To do:
Each line below from the one containing "Grohe Kappenhebel komplett" through the one containing "Load image into" should be output exactly as it stands, and no other line should appear.

Stored entries:
□ □ □

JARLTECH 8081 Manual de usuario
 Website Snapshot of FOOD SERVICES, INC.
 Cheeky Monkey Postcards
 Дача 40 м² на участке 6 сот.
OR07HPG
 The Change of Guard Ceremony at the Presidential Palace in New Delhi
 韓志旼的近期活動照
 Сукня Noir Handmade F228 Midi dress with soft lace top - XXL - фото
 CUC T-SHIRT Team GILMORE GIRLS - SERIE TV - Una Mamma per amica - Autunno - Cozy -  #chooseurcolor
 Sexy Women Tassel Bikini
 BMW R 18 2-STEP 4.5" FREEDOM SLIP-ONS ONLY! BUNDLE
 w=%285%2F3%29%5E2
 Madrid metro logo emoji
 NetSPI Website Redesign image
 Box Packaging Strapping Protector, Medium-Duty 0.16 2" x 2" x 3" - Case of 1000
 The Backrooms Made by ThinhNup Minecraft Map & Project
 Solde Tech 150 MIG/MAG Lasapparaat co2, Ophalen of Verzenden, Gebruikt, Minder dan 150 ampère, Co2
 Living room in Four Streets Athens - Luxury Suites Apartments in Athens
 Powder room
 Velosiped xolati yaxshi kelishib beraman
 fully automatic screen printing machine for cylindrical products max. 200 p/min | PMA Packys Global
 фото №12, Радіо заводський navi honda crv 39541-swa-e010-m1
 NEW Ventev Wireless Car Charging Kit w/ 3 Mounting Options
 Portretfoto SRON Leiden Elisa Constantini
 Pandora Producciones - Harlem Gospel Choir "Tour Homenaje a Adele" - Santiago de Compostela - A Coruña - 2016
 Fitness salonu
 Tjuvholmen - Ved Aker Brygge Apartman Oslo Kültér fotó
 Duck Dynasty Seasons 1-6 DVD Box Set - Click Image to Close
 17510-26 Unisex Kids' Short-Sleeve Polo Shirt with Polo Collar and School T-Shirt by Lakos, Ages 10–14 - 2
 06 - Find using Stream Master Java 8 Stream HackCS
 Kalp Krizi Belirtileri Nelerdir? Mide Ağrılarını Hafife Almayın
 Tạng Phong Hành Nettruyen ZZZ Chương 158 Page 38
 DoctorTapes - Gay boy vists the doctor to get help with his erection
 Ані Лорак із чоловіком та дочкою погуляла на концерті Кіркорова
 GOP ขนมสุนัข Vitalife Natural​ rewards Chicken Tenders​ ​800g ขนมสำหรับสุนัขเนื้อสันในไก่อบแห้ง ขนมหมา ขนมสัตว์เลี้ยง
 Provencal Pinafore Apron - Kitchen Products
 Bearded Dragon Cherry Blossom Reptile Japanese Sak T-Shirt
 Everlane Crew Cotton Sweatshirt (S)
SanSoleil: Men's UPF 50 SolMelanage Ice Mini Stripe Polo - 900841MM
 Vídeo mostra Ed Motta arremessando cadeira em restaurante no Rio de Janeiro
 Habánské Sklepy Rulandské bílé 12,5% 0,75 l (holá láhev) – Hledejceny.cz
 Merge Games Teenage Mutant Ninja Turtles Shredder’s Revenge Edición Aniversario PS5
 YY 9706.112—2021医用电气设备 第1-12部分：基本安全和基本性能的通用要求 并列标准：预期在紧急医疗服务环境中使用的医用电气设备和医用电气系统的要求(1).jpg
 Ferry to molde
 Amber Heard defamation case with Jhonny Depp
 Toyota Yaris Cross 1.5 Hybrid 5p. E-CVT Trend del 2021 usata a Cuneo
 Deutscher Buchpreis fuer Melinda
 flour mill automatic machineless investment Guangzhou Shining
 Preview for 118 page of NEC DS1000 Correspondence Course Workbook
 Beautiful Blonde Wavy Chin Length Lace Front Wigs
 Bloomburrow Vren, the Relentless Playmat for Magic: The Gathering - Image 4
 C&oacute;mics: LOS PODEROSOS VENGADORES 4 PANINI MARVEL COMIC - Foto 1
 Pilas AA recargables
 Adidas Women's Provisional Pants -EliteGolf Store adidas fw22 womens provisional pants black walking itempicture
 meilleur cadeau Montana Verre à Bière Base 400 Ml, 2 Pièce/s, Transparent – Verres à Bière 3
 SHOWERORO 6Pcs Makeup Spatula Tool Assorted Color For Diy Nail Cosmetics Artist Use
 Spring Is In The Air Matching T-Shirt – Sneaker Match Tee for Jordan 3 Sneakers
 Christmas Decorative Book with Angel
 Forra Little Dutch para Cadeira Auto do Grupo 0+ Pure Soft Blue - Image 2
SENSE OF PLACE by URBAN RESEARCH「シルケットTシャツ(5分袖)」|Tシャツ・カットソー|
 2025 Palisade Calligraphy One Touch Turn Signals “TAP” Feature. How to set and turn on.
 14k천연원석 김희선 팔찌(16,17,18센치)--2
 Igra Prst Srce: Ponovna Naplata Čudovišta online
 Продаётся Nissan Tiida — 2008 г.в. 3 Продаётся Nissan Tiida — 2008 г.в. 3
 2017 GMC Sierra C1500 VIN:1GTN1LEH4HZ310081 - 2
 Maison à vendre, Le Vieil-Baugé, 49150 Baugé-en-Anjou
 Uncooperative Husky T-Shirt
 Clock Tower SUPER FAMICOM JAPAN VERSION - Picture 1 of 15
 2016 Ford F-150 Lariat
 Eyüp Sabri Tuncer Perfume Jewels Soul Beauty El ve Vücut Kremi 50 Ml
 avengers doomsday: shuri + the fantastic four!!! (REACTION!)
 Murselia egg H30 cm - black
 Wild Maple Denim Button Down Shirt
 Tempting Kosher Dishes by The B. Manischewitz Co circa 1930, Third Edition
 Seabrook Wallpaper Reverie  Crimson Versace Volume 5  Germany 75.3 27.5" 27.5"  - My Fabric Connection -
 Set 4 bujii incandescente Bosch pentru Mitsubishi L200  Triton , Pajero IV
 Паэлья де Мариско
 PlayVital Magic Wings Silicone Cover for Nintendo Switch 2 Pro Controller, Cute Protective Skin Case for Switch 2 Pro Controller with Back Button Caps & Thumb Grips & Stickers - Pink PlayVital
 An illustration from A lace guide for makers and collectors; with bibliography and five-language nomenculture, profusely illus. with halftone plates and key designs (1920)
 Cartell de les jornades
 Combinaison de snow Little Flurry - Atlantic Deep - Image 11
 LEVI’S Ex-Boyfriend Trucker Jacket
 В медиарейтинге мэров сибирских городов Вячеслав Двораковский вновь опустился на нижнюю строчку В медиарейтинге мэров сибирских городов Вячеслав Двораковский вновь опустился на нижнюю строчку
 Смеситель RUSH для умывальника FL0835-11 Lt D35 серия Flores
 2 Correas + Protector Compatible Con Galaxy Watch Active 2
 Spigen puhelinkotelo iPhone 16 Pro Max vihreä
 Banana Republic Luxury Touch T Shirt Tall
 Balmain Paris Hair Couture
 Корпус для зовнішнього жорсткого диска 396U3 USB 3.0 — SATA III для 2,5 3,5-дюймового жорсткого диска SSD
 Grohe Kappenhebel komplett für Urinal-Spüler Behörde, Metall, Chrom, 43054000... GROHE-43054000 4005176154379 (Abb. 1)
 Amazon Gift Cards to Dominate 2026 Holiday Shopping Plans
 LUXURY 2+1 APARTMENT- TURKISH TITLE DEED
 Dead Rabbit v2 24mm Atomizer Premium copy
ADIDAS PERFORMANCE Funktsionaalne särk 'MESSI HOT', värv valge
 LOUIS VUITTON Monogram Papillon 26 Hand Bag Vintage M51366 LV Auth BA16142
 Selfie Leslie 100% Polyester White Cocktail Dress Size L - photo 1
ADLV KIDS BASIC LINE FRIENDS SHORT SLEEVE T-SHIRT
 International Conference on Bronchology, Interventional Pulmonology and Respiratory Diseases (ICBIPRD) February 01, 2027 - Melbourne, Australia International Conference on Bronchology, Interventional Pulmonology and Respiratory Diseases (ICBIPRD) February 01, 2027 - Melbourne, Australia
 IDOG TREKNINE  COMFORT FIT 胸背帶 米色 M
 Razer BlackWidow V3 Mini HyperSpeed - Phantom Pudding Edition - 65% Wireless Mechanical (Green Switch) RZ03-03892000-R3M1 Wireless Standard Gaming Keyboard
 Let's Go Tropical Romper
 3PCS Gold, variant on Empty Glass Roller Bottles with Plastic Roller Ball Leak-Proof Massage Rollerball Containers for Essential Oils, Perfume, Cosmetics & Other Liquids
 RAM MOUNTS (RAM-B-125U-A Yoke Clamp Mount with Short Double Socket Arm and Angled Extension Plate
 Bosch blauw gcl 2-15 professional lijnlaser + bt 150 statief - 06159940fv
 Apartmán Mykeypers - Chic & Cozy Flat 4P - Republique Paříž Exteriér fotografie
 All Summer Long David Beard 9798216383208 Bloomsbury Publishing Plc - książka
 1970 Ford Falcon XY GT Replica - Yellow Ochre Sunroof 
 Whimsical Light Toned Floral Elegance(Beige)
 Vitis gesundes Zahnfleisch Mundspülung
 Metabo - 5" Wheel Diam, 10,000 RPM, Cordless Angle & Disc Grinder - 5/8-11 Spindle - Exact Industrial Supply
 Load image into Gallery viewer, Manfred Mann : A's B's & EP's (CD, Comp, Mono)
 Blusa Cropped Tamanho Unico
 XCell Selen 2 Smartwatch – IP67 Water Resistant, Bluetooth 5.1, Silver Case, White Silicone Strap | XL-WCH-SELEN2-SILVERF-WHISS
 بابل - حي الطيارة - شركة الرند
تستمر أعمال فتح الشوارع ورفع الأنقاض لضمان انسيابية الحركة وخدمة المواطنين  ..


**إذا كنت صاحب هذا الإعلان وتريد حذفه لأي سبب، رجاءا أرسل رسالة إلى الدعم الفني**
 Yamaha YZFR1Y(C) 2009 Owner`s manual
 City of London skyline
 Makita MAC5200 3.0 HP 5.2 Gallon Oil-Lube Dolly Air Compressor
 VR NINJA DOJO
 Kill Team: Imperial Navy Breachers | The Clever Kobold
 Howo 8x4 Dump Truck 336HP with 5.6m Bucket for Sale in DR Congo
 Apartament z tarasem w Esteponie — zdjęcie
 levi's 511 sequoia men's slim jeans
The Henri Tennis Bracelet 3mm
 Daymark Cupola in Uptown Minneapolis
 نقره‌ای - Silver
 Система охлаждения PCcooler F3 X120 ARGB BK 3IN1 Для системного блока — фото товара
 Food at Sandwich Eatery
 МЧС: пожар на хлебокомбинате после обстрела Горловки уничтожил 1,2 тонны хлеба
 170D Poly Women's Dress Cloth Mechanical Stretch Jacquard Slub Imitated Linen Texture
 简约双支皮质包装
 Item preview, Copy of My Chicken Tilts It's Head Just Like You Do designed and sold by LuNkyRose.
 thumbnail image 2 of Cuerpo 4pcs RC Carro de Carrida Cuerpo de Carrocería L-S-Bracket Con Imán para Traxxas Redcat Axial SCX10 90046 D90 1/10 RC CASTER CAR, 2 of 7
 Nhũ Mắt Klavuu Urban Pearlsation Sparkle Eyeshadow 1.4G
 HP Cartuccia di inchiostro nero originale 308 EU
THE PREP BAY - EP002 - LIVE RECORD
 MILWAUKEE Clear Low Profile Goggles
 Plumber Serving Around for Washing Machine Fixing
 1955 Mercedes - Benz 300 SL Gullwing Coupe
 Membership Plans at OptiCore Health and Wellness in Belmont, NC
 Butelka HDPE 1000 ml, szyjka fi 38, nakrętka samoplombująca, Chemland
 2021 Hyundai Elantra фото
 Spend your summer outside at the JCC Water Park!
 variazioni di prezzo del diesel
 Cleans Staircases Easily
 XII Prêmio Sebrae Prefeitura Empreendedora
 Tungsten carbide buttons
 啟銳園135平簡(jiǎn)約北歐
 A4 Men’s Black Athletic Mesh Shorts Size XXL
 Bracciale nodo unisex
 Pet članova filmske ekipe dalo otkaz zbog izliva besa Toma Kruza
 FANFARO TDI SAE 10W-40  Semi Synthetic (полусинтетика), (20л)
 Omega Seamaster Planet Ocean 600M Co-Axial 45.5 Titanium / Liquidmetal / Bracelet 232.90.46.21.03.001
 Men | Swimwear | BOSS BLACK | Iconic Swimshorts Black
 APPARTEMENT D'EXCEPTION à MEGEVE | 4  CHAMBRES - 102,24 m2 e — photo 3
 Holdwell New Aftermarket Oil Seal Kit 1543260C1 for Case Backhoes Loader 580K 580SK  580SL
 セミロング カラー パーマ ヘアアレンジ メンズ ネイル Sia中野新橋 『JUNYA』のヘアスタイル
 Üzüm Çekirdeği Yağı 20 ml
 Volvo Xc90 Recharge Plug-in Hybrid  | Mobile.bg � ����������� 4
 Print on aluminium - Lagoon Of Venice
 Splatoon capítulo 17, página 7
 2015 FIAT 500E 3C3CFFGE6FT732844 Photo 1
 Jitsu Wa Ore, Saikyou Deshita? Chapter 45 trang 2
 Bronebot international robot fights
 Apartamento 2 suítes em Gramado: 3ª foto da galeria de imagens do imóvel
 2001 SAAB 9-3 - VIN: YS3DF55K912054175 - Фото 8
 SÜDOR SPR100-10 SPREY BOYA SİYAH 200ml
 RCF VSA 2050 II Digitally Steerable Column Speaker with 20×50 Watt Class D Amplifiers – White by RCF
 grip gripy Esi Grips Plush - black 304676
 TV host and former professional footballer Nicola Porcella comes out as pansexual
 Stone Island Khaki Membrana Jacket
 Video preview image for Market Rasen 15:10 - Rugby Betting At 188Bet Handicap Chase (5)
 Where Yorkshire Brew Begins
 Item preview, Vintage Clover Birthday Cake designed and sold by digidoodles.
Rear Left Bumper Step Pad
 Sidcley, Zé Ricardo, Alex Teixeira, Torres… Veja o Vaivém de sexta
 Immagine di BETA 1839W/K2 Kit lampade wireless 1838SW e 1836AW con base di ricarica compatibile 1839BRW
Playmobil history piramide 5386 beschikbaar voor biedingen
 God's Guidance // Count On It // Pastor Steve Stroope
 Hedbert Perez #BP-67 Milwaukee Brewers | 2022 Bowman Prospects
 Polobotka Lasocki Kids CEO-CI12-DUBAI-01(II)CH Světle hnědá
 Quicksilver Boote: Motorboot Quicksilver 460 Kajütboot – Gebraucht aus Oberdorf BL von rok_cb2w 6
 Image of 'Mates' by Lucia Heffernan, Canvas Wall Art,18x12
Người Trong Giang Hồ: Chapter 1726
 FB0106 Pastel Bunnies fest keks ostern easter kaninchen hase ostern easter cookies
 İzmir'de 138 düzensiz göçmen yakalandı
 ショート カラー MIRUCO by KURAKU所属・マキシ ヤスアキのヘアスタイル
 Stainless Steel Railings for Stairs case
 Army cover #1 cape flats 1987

□ □ □

Solution for this exercise:
 Grohe Kappenhebel komplett für Urinal-Spüler Behörde, Metall, Chrom, 43054000... GROHE-43054000 4005176154379 (Abb. 1)
 Amazon Gift Cards to Dominate 2026 Holiday Shopping Plans
 LUXURY 2+1 APARTMENT- TURKISH TITLE DEED
 Dead Rabbit v2 24mm Atomizer Premium copy
ADIDAS PERFORMANCE Funktsionaalne särk 'MESSI HOT', värv valge
 LOUIS VUITTON Monogram Papillon 26 Hand Bag Vintage M51366 LV Auth BA16142
 Selfie Leslie 100% Polyester White Cocktail Dress Size L - photo 1
ADLV KIDS BASIC LINE FRIENDS SHORT SLEEVE T-SHIRT
 International Conference on Bronchology, Interventional Pulmonology and Respiratory Diseases (ICBIPRD) February 01, 2027 - Melbourne, Australia International Conference on Bronchology, Interventional Pulmonology and Respiratory Diseases (ICBIPRD) February 01, 2027 - Melbourne, Australia
 IDOG TREKNINE  COMFORT FIT 胸背帶 米色 M
 Razer BlackWidow V3 Mini HyperSpeed - Phantom Pudding Edition - 65% Wireless Mechanical (Green Switch) RZ03-03892000-R3M1 Wireless Standard Gaming Keyboard
 Let's Go Tropical Romper
 3PCS Gold, variant on Empty Glass Roller Bottles with Plastic Roller Ball Leak-Proof Massage Rollerball Containers for Essential Oils, Perfume, Cosmetics & Other Liquids
 RAM MOUNTS (RAM-B-125U-A Yoke Clamp Mount with Short Double Socket Arm and Angled Extension Plate
 Bosch blauw gcl 2-15 professional lijnlaser + bt 150 statief - 06159940fv
 Apartmán Mykeypers - Chic & Cozy Flat 4P - Republique Paříž Exteriér fotografie
 All Summer Long David Beard 9798216383208 Bloomsbury Publishing Plc - książka
 1970 Ford Falcon XY GT Replica - Yellow Ochre Sunroof 
 Whimsical Light Toned Floral Elegance(Beige)
 Vitis gesundes Zahnfleisch Mundspülung
 Metabo - 5" Wheel Diam, 10,000 RPM, Cordless Angle & Disc Grinder - 5/8-11 Spindle - Exact Industrial Supply
 Load image into Gallery viewer, Manfred Mann : A's B's & EP's (CD, Comp, Mono)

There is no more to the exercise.